As part of Scottish Book Week and Lighthouse Books, I ran a small workshop on how climate change was the result of the colonial legacy. This workshop went into depth about now the European construct of ‘nature’ allowed for climate change to happen and how myths of ‘Progress’ allow it to continue.
The presentation of this workshop is available here:
Climate Change: The on-going legacy of colonialism by Nishma Doshi
Hi Nish,
I’m an XR Scotland activist & interested in how we can be more inclusive as a movement and how we can communicate better on climate and colonialism. I had a look at your presentation. While you analyse the “problem” quite well, I felt like it stopped just when it was getting most interesting! Would like to know more about ecological struggles in the global south.
For the Earth,
Robert
Thanks for your comment, Robert. I am planning to run some workshops for XR which are a little more introductory and explore more of the basic processes of how climate colonialism works in practice.

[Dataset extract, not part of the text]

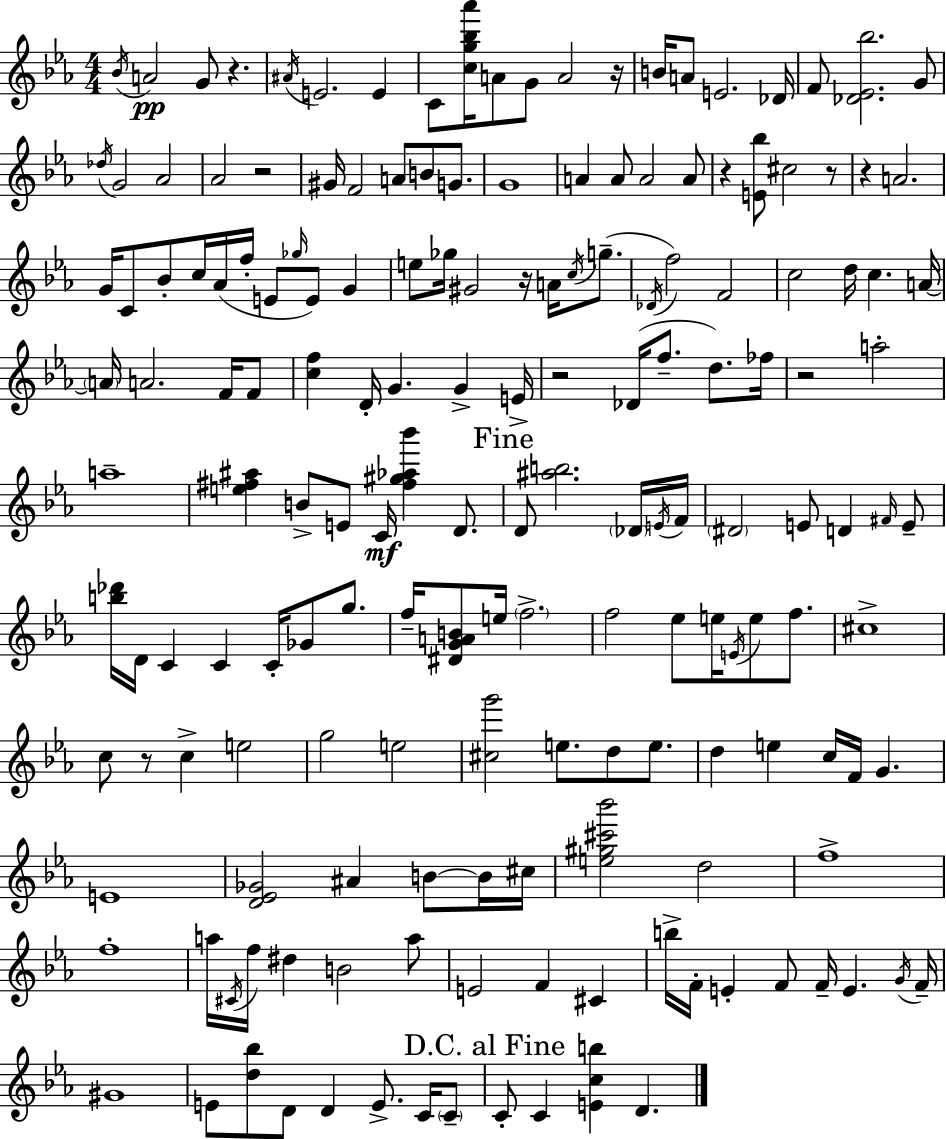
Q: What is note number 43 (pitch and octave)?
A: E5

In the meanwhile you are more than welcome to research what’s going on in the global south yourself. There are plenty of good articles online (see New Internationalist for a starting point), and plenty of books & campaigns.
Furthermore, please don’t look to the Global South as those which need to solve climate change. The historic emissions, and corporate & monetary power is very much still in the hands of the West (& China, these days). We should be listening to what they have to say, what they are demanding as change and making sure that that happens. It’s our problem which we have put on the rest of the world.
I’ll be sharing a reading list with the workshops I’m going to be running, so please look out for that too.